Broadcaster NTV cited Justice Minister Bekir Bozdag as saying more arrests were expected.

Authorities have rounded up nearly 3000 suspected military plotters, ranging from top commanders to foot soldiers, and the same number of judges and prosecutors after forces loyal to Erdogan crushed the attempted coup on Saturday.

On Sunday, security forces clashed with remnants of the coup plotters at Istanbul’s second airport and at an air base in central Turkey, an official said. Arrests were made and the situation was under control, the official said.

Erdogan said the coup had been put down by the “national will”, blaming “those who cannot bear the unity of our country and are under the orders of masterminds to take over the state”.

He frequently refers to “masterminds” who he says are bent on breaking up Turkey, in what appears a veiled reference to the West in general, and more specifically, the United States.

On Saturday, Labour Minister Suleyman Soylu told broadcaster Haberturk he believed Washington was behind the coup attempt.

US Secretary of State John Kerry described public suggestions of a US role as “utterly false”, and said on Sunday Washington had had no advance intelligence of the coup.

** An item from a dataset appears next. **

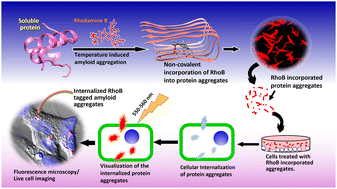 Graphical abstract: A robust yet simple method to generate fluorescent amyloid nanofibers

The Pentagon also announced that operations from Turkey by the US-led coalition against Islamic State had resumed after Ankara reopened its air space, which had been closed during the coup attempt.

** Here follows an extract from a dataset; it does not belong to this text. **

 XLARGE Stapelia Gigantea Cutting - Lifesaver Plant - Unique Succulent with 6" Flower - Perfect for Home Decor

The crackdown intensifies a long-standing push by Erdogan to root out the influence of followers of US-based cleric Fethullah Gulen.

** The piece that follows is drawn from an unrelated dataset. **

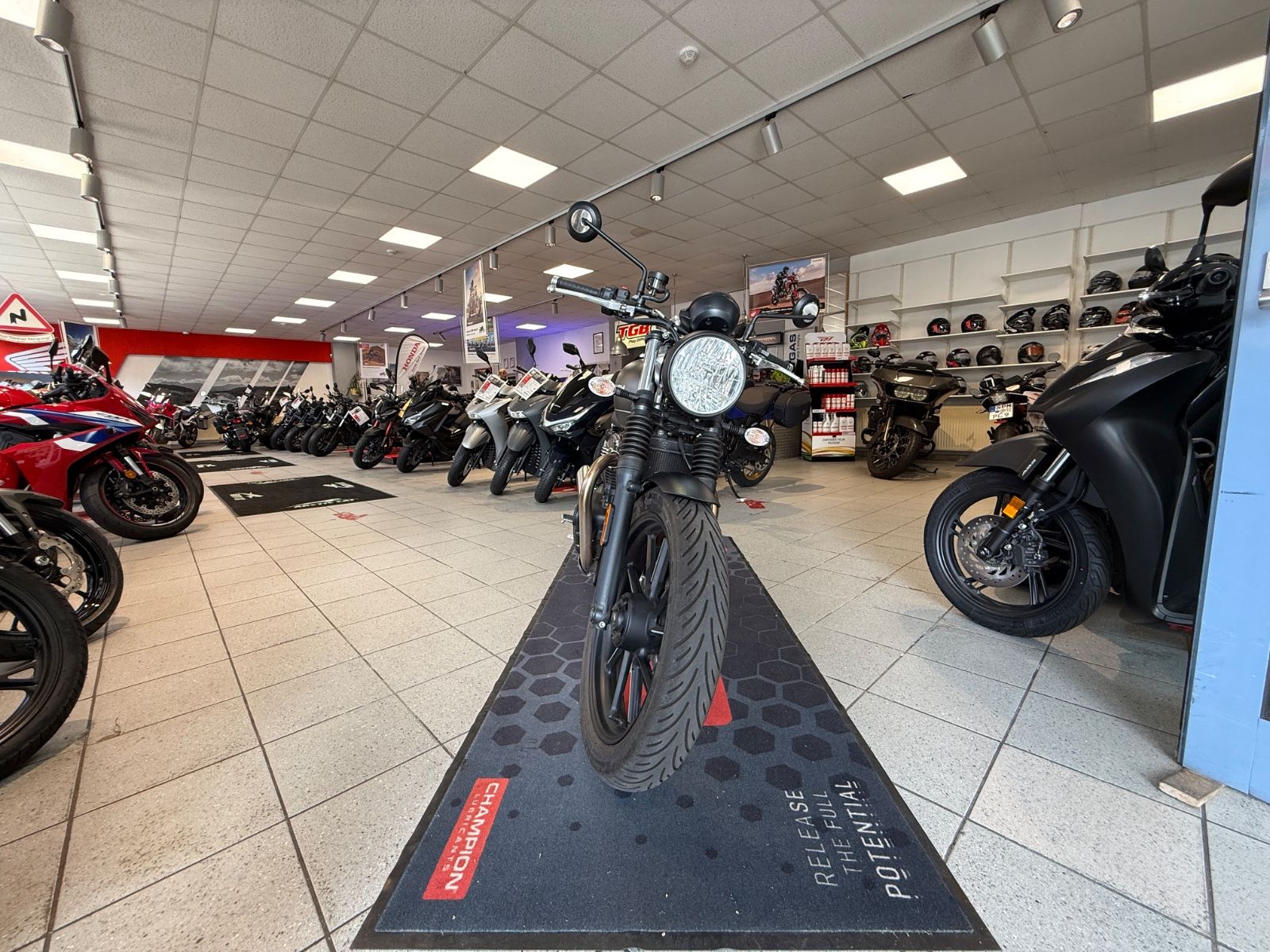 Speed Twin 900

Erdogan accuses followers of Gulen, who was once an ally but is now his arch-enemy, of trying to create a “parallel structure” within the courts, police, armed forces and media with an aim to topple the state.

The cleric has denied this and said he played no role in the attempted coup, denouncing it as an affront to democracy.

Erdogan’s critics say he will use the purge to create a pliant judiciary, eliminating dissenting voices in the courts.